At 1:13 p.m., Whitaker’s chief of staff, Quinshaunta Golden, wrote to her boss: “Shame on whoever thought the Armsteads would do something like this. . . . What will be said now that they are using their own personal vehicle to do outreach?”

But what eventually came out, records show, was that Armstead improperly used state grant money to buy the SUV. In an e-mail to Whitaker after that internal investigation, Turner admitted, “Working for Togetherness did not properly request the automobile purchase as a part of their budget process.”

Under the Illinois Grant Funds Recovery Act, Whitaker could have sought a $45,196 refund — the SUV’s purchase price. The law also would have allowed him to “remove the grantee from any of the grantor agency’s programs and forbid the grantee’s participation in any such future grant programs for a period not to exceed two years.”

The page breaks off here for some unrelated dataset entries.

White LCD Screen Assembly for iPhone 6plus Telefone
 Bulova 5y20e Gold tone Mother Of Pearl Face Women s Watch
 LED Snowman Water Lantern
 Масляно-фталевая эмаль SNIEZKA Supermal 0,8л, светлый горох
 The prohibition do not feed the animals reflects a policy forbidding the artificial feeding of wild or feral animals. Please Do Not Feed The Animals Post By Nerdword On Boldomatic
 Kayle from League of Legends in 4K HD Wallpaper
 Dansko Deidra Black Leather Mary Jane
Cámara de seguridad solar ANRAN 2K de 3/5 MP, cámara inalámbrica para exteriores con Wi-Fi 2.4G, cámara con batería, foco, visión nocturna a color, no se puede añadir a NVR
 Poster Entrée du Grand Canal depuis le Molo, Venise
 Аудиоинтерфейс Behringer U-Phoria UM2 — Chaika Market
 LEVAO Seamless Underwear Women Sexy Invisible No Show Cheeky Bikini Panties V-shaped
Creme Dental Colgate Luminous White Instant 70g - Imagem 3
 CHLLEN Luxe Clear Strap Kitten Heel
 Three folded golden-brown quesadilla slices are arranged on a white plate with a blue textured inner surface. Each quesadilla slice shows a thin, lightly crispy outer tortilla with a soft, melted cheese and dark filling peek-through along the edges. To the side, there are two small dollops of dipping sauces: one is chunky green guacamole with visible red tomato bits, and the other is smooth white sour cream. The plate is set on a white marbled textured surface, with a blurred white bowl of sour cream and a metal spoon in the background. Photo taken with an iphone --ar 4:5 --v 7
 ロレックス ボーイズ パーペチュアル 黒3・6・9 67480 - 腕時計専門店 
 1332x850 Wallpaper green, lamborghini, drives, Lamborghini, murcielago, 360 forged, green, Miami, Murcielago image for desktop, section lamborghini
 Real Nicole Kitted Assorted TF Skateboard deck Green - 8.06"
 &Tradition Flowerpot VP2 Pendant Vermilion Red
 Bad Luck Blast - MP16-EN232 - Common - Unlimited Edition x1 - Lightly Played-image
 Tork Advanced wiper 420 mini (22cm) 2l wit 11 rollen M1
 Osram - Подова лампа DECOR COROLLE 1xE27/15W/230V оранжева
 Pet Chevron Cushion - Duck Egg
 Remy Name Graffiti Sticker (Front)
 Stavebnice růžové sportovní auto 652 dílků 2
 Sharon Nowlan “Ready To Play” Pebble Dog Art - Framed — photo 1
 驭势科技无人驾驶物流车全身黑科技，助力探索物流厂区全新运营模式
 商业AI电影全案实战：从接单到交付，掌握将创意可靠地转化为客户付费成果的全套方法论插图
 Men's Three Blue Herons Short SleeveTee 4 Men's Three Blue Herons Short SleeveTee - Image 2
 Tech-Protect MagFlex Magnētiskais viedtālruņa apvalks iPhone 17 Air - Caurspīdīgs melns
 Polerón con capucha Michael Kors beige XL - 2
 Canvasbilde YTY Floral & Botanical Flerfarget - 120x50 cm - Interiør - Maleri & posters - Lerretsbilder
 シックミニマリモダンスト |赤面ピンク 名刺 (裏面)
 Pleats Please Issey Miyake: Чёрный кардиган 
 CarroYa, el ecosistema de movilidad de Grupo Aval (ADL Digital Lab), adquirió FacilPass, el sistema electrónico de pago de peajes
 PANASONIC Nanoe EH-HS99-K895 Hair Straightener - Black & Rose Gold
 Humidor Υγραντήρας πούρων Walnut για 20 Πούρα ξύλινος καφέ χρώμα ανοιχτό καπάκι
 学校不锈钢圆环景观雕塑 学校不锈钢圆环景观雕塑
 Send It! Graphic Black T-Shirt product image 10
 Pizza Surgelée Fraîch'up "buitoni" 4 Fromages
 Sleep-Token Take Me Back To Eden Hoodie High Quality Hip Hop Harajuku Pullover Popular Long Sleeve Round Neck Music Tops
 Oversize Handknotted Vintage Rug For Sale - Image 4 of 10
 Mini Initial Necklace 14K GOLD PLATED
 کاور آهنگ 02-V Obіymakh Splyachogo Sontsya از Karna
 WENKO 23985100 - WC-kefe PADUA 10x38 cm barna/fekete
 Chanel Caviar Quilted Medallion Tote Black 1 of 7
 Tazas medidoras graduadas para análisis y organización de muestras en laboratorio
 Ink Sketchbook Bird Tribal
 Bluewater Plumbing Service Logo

Instead, the health department decided that Working for Togetherness should repay $22,500 of the grant money — roughly half the Hummer’s purchase price.

Whitaker — who hasn’t been accused of any wrongdoing — said via e-mail that his department “acted swiftly” upon learning of the “unauthorized purchase” of the SUV and that, “throughout my tenure, we had management and monitoring procedures in place to safeguard taxpayer dollars.”

Marj Halperin, a Whitaker spokeswoman, noted that Whitaker’s staff also “informed the [state’s] executive inspector general” of the matter. She said health officials ultimately concluded that the “fancy car worked” in helping Working for Togetherness do HIV/AIDS outreach and that taxpayers would be left covering the cost of “a more conventional auto.”

Despite being misled about how the SUV originally was purchased, the health department resumed funding Working for Togetherness for its HIV-testing work, giving it $2,223 during the first half of 2007 under Whitaker. The group went on to get another $75,000 under Dr. Damon Arnold, Whitaker’s successor.

The organization also got $915,827 in AIDS-awareness money from the city of Chicago between 2005 and 2010. City officials had problems with the organization, too.

An investigation by the city inspector general’s office, which was wrapped up last year, concluded that Working for Togetherness had “submitted false documents . . . for the purposes of supporting its activities and obtaining continued funding. In addition, the IGO found evidence that an employee of the not-for-profit sold HIV test kits which CDPH [the Chicago Department of Public Health] supplied to the not-for-profit at no cost.”

Working for Togetherness has since gone out of business.

Federal authorities began seeking records about the group in 2009 as part of a larger investigation of grants and contracts awarded by the state’s health, commerce and prison departments, according to federal grand-jury subpoenas obtained by the Chicago Sun-Times. A story published Monday about that investigation is online at suntimes.com/news/watchdogs/.

Before then, Illinois Auditor General Bill Holland also had questioned grants overseen by Whitaker’s department. Surveying a group of organizations that included Working for Togetherness, Holland faulted the department for lacking “a consistent methodology for the review of grants and grant expenditures” and conducting “very few site visits” to determine if organizations were performing as required.

Under Whitaker, the agency agreed with Holland’s criticism and promised to implement a “department-wide grants-monitoring protocol.”

A spokeswoman for the agency says the department put in place “a new grant review and monitoring system in 2010,” including requiring grant recipients “to submit financial expense and program status reports on a quarterly basis throughout the life of the grant.”

As for the Hummer, the vehicle ended up being sold “for salvage” after it was “seriously damaged” in a crash in January 2009, shortly after Armstead had died at the age of 60, records show. It’s not clear who was driving the vehicle at the time of the wreck, nor is it clear what was done with the proceeds from the sale.